L’artiste a figuré le Christ debout au premier plan, vêtu d’une tunique et d’un manteau bleu indigo. Il est debout, et sa main gauche s’approche du front de la sœur de Lazare, sans le toucher. Madeleine porte une tunique de tonalité verte, sur laquelle est un manteau vermillon. Elle a fléchi le genou gauche, et ses bras sont dans la position de l’orante. On notera que la cambrure du Christ, à gauche, dessine un arc de cercle dont le sommet est au milieu de la bordure supérieure, tandis qu’un autre arc de cercle, un peu moins perceptible, redescend du même point en longeant la roche, puis le bras gauche de Marie-Madeleine. En même temps, la diagonale formée par le dos de celle-ci se prolonge jusqu’au même point de fuite, au sommet et à la moitié de l’ensemble. À l’arrière-plan, l’un des deux anges mentionnés un peu plus haut par saint Jean[2], est assis à l’intérieur de la grotte ; son vêtement est blanc, et il projette une lumière dorée sur la paroi. La symbolique classique des couleurs pures trouve ici une application parfaite : le bleu signifie la nature désormais céleste du Ressuscité, et sa royauté sur l’univers, tandis que le blanc et l’or, autres couleurs célestes, enveloppent l’ange ; au contraire, Marie-Madeleine est en vert et en vermillon, dérivé du rouge, couleurs terrestres, puisqu’elle appartient encore au monde d’ici-bas, et qu’elle est, de surcroît, la pécheresse repentie par excellence. La nature environnante est en demi teinte, avec une échappée sur un ciel plus serein à gauche.
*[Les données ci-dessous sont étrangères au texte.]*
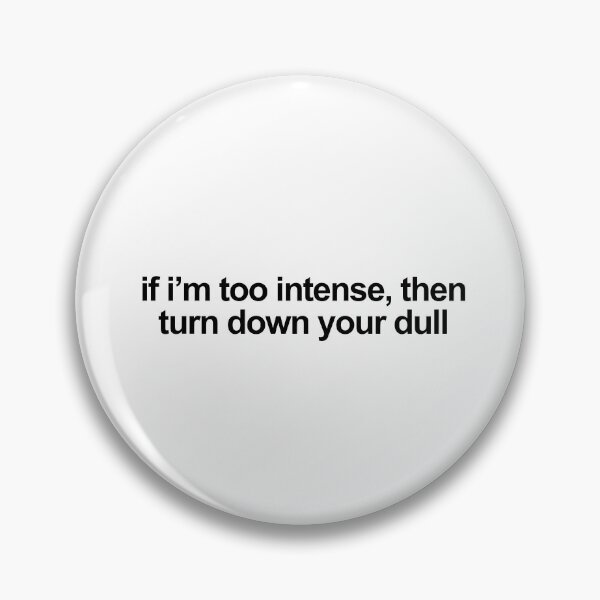 Item preview, turn down your dull designed and sold by birdspinestudio.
Le pendant représente l’apparition aux pèlerins d’Emmaüs, et c’est aussi une scène de reconnaissance, puisqu’il représente le moment où, les yeus tournés vers le ciel, Jésus rompt le pain :
Et il advint qu’après s’être mis à table avec eux, prenant le pain, il bénit [Dieu] ; et, [l’]ayant rompu, il [le] leur donnait. Leurs yeux s’ouvrirent : et ils le reconnurent. Et lui disparut d’auprès d’eux[3].
Le Seigneur est assis, comme l’exige la fidélité au récit de saint Luc ; cette fois, s’il est toujours au premier plan, il est à droite. Alors qu’il regardait Marie-Madeleine, son regard ici s’échappe au-delà de ce monde. Les disciples assis font tous deux de leurs bras un geste qui est à la fois d’exclamation et de prière. La distribution des couleurs est exactement la même que dans le pendant, les tonalités vermillon-rose et verte étant divisées entre les deux pèlerins. Le paysage reprend aussi les mêmes couleurs, mais il fait un fort contraste avec le précédent par ses allusions méditerranéennes - les palmiers - et surtout par le décor architectural qui structure la scène de manière très géométrique. Il faut souligner la vétusté marquée des bâtiments, ainsi que le temps d’orage, signes de la caducité du monde, qui s’oppose à la vision d’éternité qu’offre le Christ.
Au total, ces deux tableaux que l’artiste a exécutés en 1656, l’année de sa mort, sont un beau testament spirituel. Au-delà de ce monde et de ses dualités – le beau temps et l’orage, la campagne et la ville, l’homme et la femme -, le Christ est ressuscité pour toujours, et il est toujours le même.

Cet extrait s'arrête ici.